─── Exercise data ───

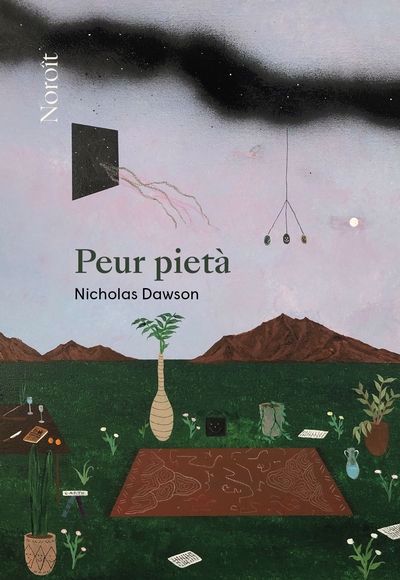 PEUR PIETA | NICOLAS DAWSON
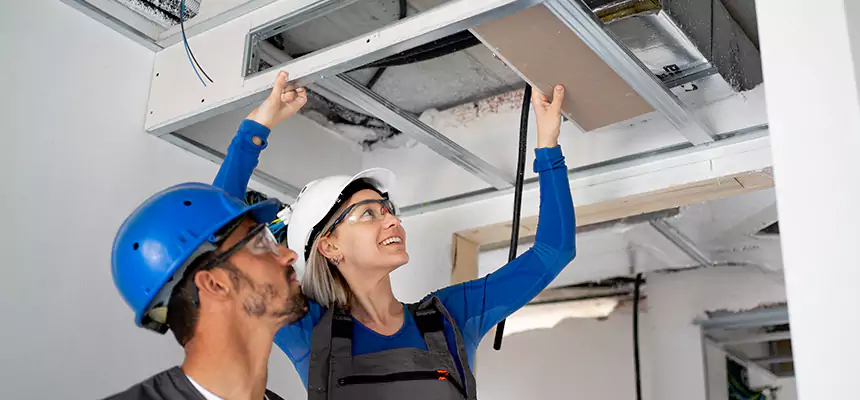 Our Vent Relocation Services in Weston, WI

───
─── Exercise data ───

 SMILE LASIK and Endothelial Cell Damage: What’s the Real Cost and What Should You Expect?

───
─── Exercise data ───

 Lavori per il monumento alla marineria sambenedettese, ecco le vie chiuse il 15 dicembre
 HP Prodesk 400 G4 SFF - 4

───

** What is needed **
Between and including the line with "PEUR PIETA | NICOLAS DAWSON" and the line with "Our Vent Relocation Services in Weston, WI", repeat every line exactly as it appears above, with pictures left out.

** Your solution **
 PEUR PIETA | NICOLAS DAWSON
 Our Vent Relocation Services in Weston, WI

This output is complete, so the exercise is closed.